Деревеньки к Сороти льнут с обеих сторон. Названия их сохранились со времен Пушкина: Дедовцы, Зимари, Петровское, Слепни, Жабкино, Марково, Соболицы, Житево, Кузино, Селиванове, а дальше от берега еще и Лопатино, Авдаши, Клопы, Козляки… Милые тихие деревеньки с песчаными тропами к речке, с гнездами аистов, с баньками у воды, с мостками для полосканья белья, с обязательной грудой замшелых камней у околицы. («Камни на нашей земле растут. Свезешь их с пашни, а через год, глядишь, новые появились», — сказал старик в Соболицах.)

Не болит ли душа у тех, кто покинул эти селения? Не тянет ли воротиться? Не снится ли в городе кроткая, тихая речка, эти холмы с перелесками, этот прозрачный пахучий воздух, эта щемящая благодатная тишина? «Реки не текут вспять, а люди могут вернуться. Кое-кто возвращается. И не жалеют. Условия подходящие открываются для обратной дороги» — так сказал в Зимарях Никита Ювенальевич Ювенальев. (Есть в пушкинском крае такие фамилии-имена!) Работал Никита Ювенальевич трактористом и кузнецом. Сейчас на пенсии. Обрастает хозяйством, коим недавно пренебрегал. Завел корову, овец, теленка. Мы застали старика на лугу. Был он в соломенной шляпе, в чистой белой рубахе и держал в руке ведерко-подойник. Оказалось, пришел в полдень доить корову, но не умеет (иль не решился) пока доить, ожидал помощи от соседки. Та, сидя на маленькой табуретке возле черной своей буренки, помахала рукой: «Я сейчас, Ювеналич!»

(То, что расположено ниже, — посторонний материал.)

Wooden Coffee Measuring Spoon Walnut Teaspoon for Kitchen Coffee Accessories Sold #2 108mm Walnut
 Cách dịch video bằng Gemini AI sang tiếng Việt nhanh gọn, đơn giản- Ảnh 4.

А в Пискунове, состоящем сегодня из двух обветшалых домов, мы говорили со стариком, который с войны, с сорок четвертого года, после ранения в позвоночник, прикован к постели. Когда мы причалили к деревеньке, дочь старика — сама уже бабушка с двумя городскими внучатами — полоскала в речке белье. После знакомства она попросила: «Зайдите к старому. Он уже месяц людей не видел».

Мы присели возле кровати неподвижного старика. Поговорили о нестойкой погоде, о войне, о страданиях от войны, о чем-то еще уместном при такой встрече. Украдкой старик достал из подголовья жестянку от чая.

— Откройте, там медаль у меня. И книжка к медали. Все честь по чести: Белов Николай Николаевич — «За отвагу»…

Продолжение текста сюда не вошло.